Jesus of history might have been used by YHWH like He used Moses and the prophets. We cannot know for sure from the questionable New Testament. Josephus, the Jewish historian, devotes a few sentences to a ‘chrestus‘ who was crucified by the Romans but since ‘chrestus‘ is simply the Latinized version of the Anglicized ‘Christ’ which means ‘messiah‘, there were men claiming or presumed to be the long-awaited ‘messiah’ of the Jews so yes, that might have been the historical Jesus but who knows for sure? In fact strangely, Josephus has more notes about John (Yohanan) the baptizer and James (Yaakov) than about Jesus.
The virgin birth? Another long story there, but you can read the jewsforjudaism.org website to get an idea.
It is almost pointless to “witness” to former christian/messianic colleagues because we already know how the religious mind works, been-there-done-that. The religious mind is— well—-not open to possibilities different from their creed . . . won’t venture outside of its comfort zone . . . quite content there . . . will read only books that are produced by their own kind, considers everyone else wrong, liberal, sacrilegious to challenge long-held claims. I don’t know why my favorite writer atheist-turned-christian C.S. Lewis did not check this out. I do know Albert Schweitzer challenged it in his book, The Search for the Historical Jesus. My long-time bible teacher called the results of the Jesus Seminar “hogwash” so I didn’t read those books when I had them as early as the mid-1990s. Maybe I wasn’t ready then, but I’ve long passed that stage.
This gives you an idea of where I am at this point. I’m not Trinitarian; I’m no longer a believer in Christianity’s man-god Jesus Christ. I do believe that possibly, a historical Jesus lived, taught, was crucified. I’m not sure where he fits into the scheme of YHWH’s plan, but I no longer think he is ‘the way, the truth and the life’, or that one can only ‘get to the Father except through him‘.
YHWH does not need a cordon sanitaire; before you even seek Him, He’s already sought you! That’s the pattern we see in TNK; He seeks out Adam and Eve, Cain, Noah, Abraham, Moses, David, even gentile seers like Balaam, or Cyrus the Great of Persia “My anointed one” (i.e., messiah).
The real ‘good news’ or ‘gospel’ is:
He is found by those who seek Him with all their heart and even if one seeks Him out through man-made religion after religion, the true seeker will get beyond those and find the One True God in His Sinai Revelation, recorded in the Torah portion of the Hebrew Scriptures.
When you’re ready to listen to other issues—is hell eternal or does hell even exist? Is the soul immortal? Is there a devil? What happens when we die? Specific articles address many questions and concerns in our website, there’s much to learn. But for specifics, you have to ask, OK? For now, mind-boggling as this already is, there’s enough to chew and digest or spit out.

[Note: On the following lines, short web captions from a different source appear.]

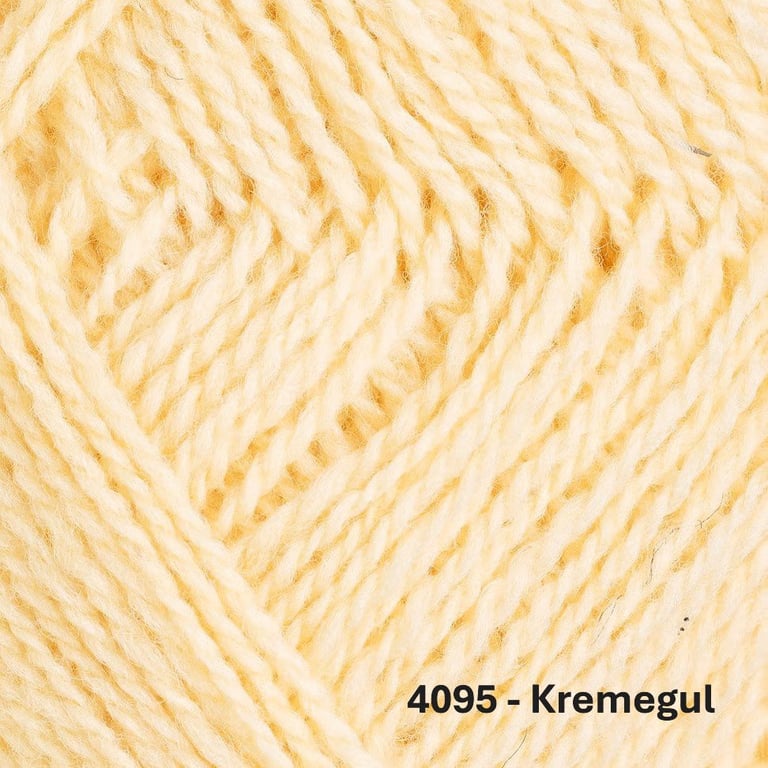 Garn: Finuld fra Rauma billede 15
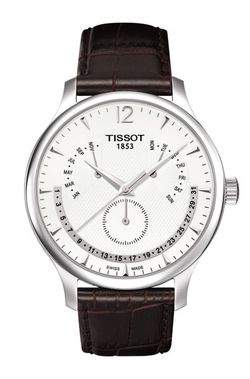 Tissot Tradition Quartz T063.637.16.037.00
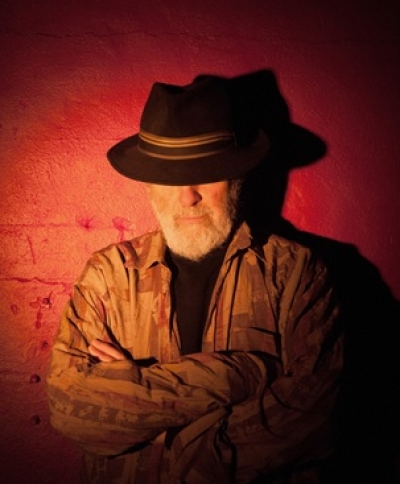 “La Balia Asciutta – Voci intime alla Bodeguita”, venerdì 27 febbraio ci sarà Antoni O' Breskey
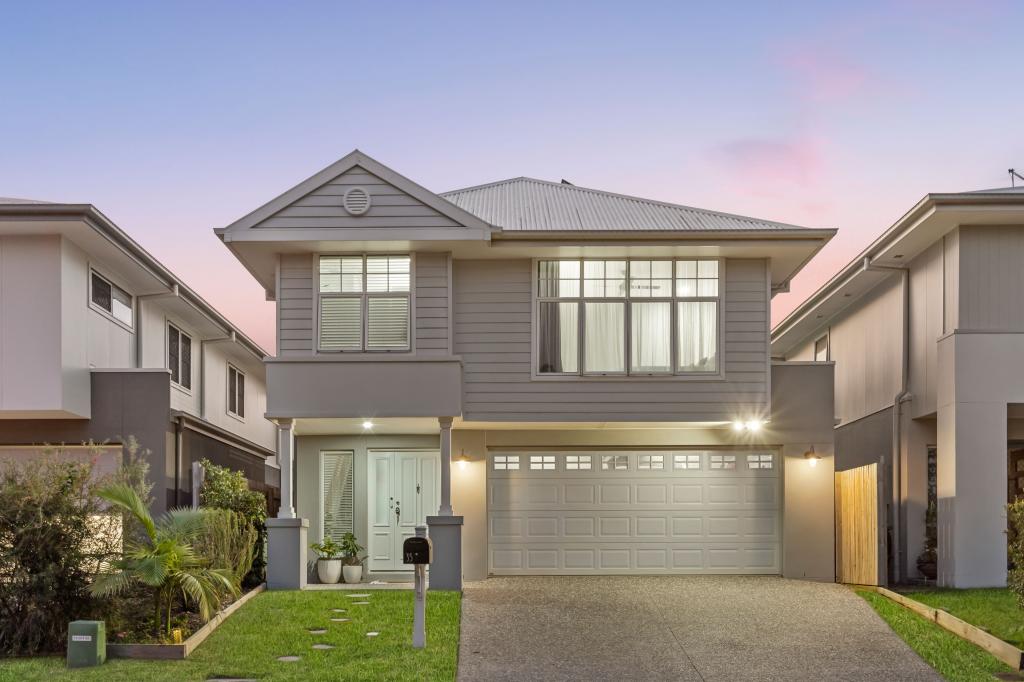 35 Norwich Cres, Pallara, QLD 4110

As I say to all, you don’t have to believe in any of what I’m saying. What if I’m wrong again? Though I think I will die content and secure in this God-given knowledge. Best to check out your beliefs for yourself; I am confident that YHWH who’s been waiting for awakened seekers will lead them in in their search through all the clues He has left for those with eyes-wide-open who simply need to ‘connect the dots’.